Дискуссия между «Пахарем» и Смертью по вопросу «о достоинстве человека» естественно отзывается в уже весьма многочисленных исследованиях о произведении Йоханнеса из Тепля рассуждениями о дуновениях гуманизма, вроде бы уже достигших холмов Северной Чехии. Ученый соблазн представить Смерть выразителем «средневекового церковного мировидения» в противовес новому «ренессансному» пониманию человека, воплощаемому «Пахарем», весьма велик. При этом мало обращается внимания на то, что «позитивная» оценка человеческого естества является отнюдь не менее «средневековой» по своему происхождению, чем оценка «негативная». «Оптимистический» взгляд на человека укоренен в Библии и основывается в первую очередь на тезисе о сотворении его «по образу и подобию Божию». Соответственно усматривать в человеке отсвет божественного величия было отнюдь не менее, а, пожалуй, более канонично, чем видеть в нем только мешок с костями и нечистотами. Немало примеров позитивного отношения к человеку и его предназначению можно встретить у вполне церковных авторов задолго до первых проблесков «зари Возрождения».
В этой «мировоззренческой» части диалога спорщики столь же малооригинальны, как и в своих оценках брака, семейной жизни и женщин. Йоханнес из Тепля явно многое заимствовал из популярной литературы своего времени: «диалогов» между Жизнью и Смертью, «судебных процессов», затевавшихся Сатаной против Бога из-за «похищения» души, вроде бы заведомо предназначенной для ада, полушутливых (но и полусерьезных) споров о радостях или тяготах брака и прочей литературной продукции такого рода. И тем не менее сквозь многочисленные клише и общие места просматриваются некоторые личные установки автора, его собственная оценка ситуации, в которой он оказался, и своего возможного образа действий далее.

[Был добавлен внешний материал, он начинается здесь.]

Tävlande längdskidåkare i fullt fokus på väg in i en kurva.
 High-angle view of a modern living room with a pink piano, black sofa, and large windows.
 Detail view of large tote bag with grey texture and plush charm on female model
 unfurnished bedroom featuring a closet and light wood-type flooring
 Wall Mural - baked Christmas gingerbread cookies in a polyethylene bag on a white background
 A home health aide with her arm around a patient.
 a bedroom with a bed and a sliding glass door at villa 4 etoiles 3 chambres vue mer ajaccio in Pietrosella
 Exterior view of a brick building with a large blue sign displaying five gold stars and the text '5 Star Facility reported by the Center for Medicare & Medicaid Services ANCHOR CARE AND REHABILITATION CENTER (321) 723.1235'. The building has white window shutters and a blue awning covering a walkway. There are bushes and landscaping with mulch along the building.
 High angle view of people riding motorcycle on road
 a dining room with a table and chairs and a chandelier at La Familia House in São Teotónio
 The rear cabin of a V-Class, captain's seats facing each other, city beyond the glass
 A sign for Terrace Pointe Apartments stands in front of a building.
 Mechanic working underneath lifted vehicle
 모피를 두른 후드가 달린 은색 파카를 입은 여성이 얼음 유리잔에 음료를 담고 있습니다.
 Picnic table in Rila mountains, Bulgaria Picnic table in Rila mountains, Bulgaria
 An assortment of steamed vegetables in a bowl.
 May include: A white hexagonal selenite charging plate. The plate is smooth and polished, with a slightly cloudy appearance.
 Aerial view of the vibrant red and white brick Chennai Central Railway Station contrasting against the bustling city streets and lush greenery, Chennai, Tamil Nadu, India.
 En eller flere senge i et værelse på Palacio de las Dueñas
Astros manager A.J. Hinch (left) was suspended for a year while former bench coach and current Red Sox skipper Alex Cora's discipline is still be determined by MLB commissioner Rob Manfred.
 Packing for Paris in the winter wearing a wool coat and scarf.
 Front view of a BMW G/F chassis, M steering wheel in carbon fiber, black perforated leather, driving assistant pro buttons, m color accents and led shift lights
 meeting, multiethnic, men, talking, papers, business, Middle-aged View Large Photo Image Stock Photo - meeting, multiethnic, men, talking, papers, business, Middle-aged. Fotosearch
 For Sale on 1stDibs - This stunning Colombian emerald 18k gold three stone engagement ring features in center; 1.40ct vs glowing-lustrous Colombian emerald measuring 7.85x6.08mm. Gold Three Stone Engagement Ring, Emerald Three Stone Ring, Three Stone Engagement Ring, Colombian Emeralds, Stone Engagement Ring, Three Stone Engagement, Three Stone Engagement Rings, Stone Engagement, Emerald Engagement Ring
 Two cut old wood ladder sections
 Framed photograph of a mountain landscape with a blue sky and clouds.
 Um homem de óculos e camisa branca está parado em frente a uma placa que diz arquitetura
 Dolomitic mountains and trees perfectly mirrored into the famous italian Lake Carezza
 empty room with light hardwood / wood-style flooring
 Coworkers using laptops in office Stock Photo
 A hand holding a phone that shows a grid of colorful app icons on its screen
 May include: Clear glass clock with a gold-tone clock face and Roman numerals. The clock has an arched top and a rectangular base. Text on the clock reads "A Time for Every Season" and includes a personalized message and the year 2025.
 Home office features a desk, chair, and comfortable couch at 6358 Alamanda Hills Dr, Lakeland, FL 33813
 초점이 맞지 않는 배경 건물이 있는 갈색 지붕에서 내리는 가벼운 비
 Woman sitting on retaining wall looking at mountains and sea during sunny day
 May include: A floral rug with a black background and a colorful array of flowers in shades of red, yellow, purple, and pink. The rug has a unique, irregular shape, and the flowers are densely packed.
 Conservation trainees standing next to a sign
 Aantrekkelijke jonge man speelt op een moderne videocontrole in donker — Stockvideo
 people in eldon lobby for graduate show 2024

И в самом деле, теперь «Пахаря» из-за внезапной утраты супруги «гонит ветер» — его «несет через стремительный морской поток», и его «якорю не за что зацепиться». Злой поступок Смерти отнял у него все. Чему ему теперь радоваться? Где искать утешения? Где найти прибежище? Где найти исцеление? Где получить верный совет?430
Однако что мы можем узнать из скорбных выкриков и ученых рассуждений «Пахаря» о безвременно почившей Маргарете, помимо того, что она была «светлым летним цветком» на лугу его сердца431, избранной горлинкой432, загляденьем433 и даже «честным соколом»434? Вообще-то очень мало. Маргарета — особа «благородного рождения»435 (что еще вовсе не означает принадлежности к дворянскому роду), «очень честная, красивая, порядочная и превосходящая всех подруг, правдивая и порядочная в словах, невинная телом, добрая и веселая в обрашении»43 6. «Пахарь» слишком слаб, чтобы перечислять далее добродетели покойной, тем более что Смерть и так о них все знает. Нет никаких подробностей о внешности Маргареты. Автор даже мельком не упоминает ни пухленьких ярких губ, ни белокурых волос, ни сияющего взора голубых глаз, ни цветущих щек, ни стройного стана, ни высокой груди, ни белой кожи, ни изящных рук, — а между тем поэзия миннезанга (явно неплохо известная Иоханесу из Тепля) уже успела выработать длинный каталог стереотипных приемов для описания красавиц. Не прибегая к таким клише, Йоханнес тем более не предлагает ничего собственного, оригинального. Он хранит полное молчание о голосе и манере разговаривать своей жены, о ее привычках и забавах, о ее суждениях и шутках. Короче — ни единой внешней особенности, ни «подлинно индивидуальной» (то есть сознательно «изобретенной» для описания этого существа), ни «псевдоиндивидуальной» (выраженной посредством «чужих» штампов).
Но вот о нраве Маргареты из ламентаций «Пахаря» можно получить некоторое впечатление. Судя по его высказываниям, она отличалась покладистостью, послушанием и достойным выполнением всех видов супружеского долга. С ней были коротки и веселы как дни, так и ночи — в равной степени исполненные радости и удовольствий43 7. И все же более всего в своей Маргарете автор ценит порядочность и супружескую верность. С ней не нужно было испытывать никакого беспокойства, она была чиста и целомудренна, честь ее ничем не была запятнана, даже в малейшей степени! Последний мотив звучит во всем сочинении с такой назойливостью, что искушенный в источниковедческой критике историк может даже невзначай усомниться в добродетельности Маргареты — не стремится ли автор оправдать ее посмертно, защитить от каких-либо наветов или порочащих слухов? Однако такое профессиональное недоверие в данном случае, скорее всего, излишне — вполне логично, что далеко уже не юный, хотя и крепкий бюргер, занимающий видное место в городской общине, хвалит свою существенно более молодую жену за скромность нрава более, нежели за многое иное.